Investigation of machining property and sustainability performance of cryogenic turning of GH605 superalloy

Cobalt-based superalloys are widely used in hot-end components of gas turbines due to their excellent elevated temperature mechanical properties. At present, cobalt-based superalloys are usually machined under cutting fluid, which will seriously pollute the environment and harm human health. Cryogenic cutting technology uses liquid nitrogen, supercritical carbon dioxide, etc. as the cooling medium, which has the advantages of environmental protection and energy conservation. In this paper, the cryogenic mechanical properties of cobalt-based superalloy GH605 were investigated, and then the cutting experiments were conducted under three different cooling and lubrication methods (flood condition, cryogenic minimum quantity lubrication, and liquid nitrogen) to investigate the cryogenic machinability and machining sustainability of GH605. The results show that cryogenic temperature can reduce the plasticity of GH605 but has little effect on the compressive yield strength and compressive strength.

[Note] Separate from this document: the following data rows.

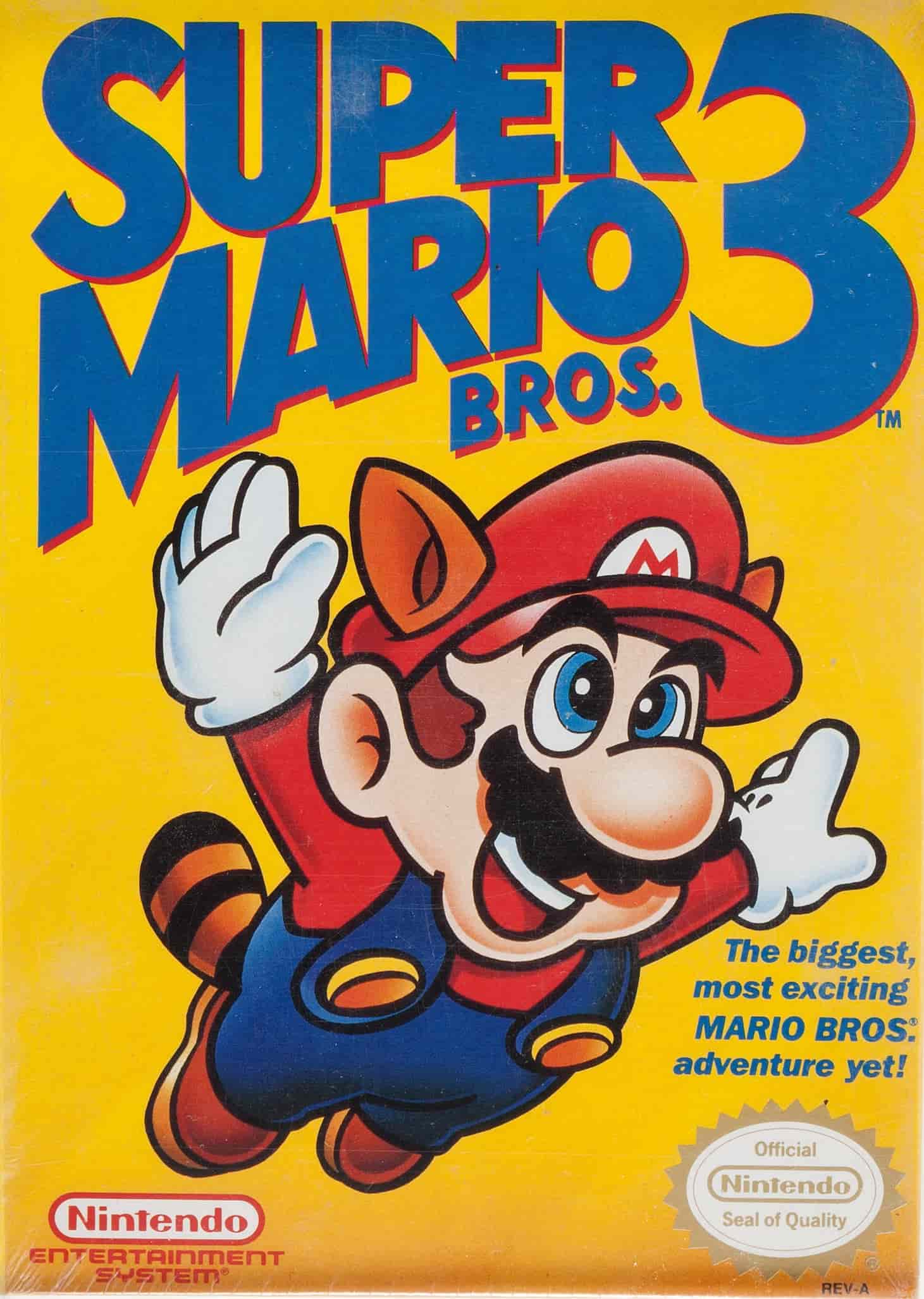 تاریخچه‌ی Super Mario Bros؛ مروری بر تمامی آثار (قسمت اول)
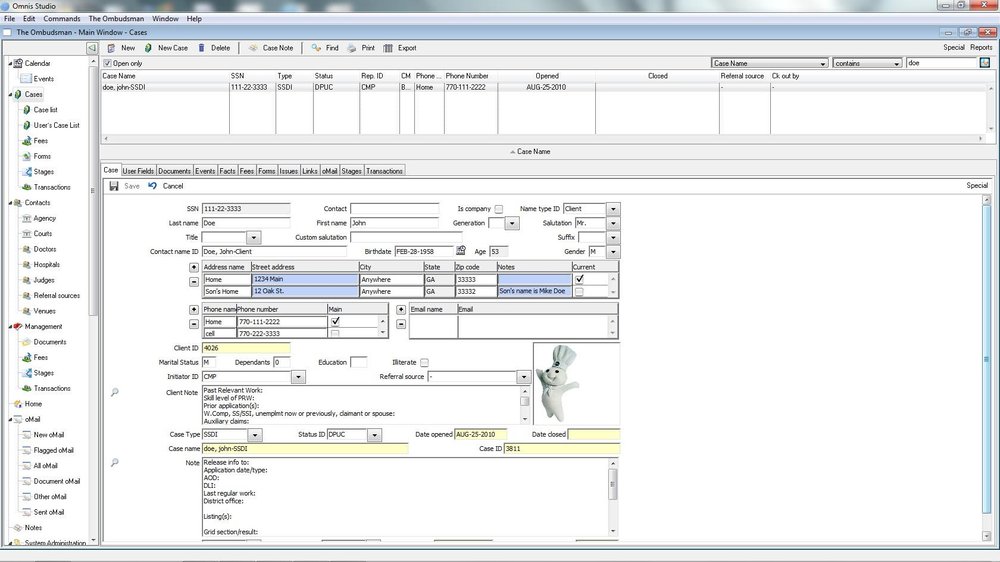 The Ombudsman Screenshot 1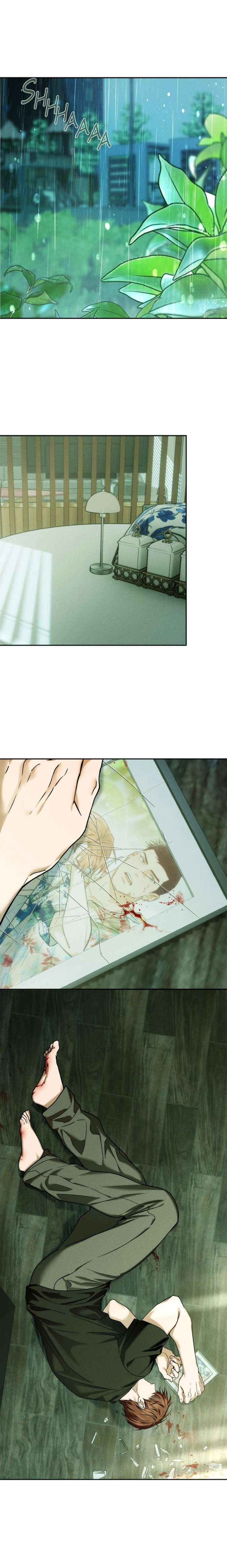 Hard-Boiled Love by Gwendolyn [Eng] page 1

Compared with the cutting fluid, the cutting force of liquid nitrogen is reduced by up to 72.2%, the cutting-specific energy is reduced by about 83.9%, and the concentration of particulate matter such as PM2.5 generated during the processing can be decreased by more than 60%. The surface finish and consistency of cryogenic minimum quantity lubrication are better; the surface roughness is reduced by 0.4 similar to 20.4% at different cutting speeds. When the feed speed is greater than 0.10 mm/r, the work hardening degree decreases by 0.8 similar to 19.7%. Under the two cooling strategies, the chip surface is smooth and flat, chip breaking property is improved, but the machining noise is more than 100 dB.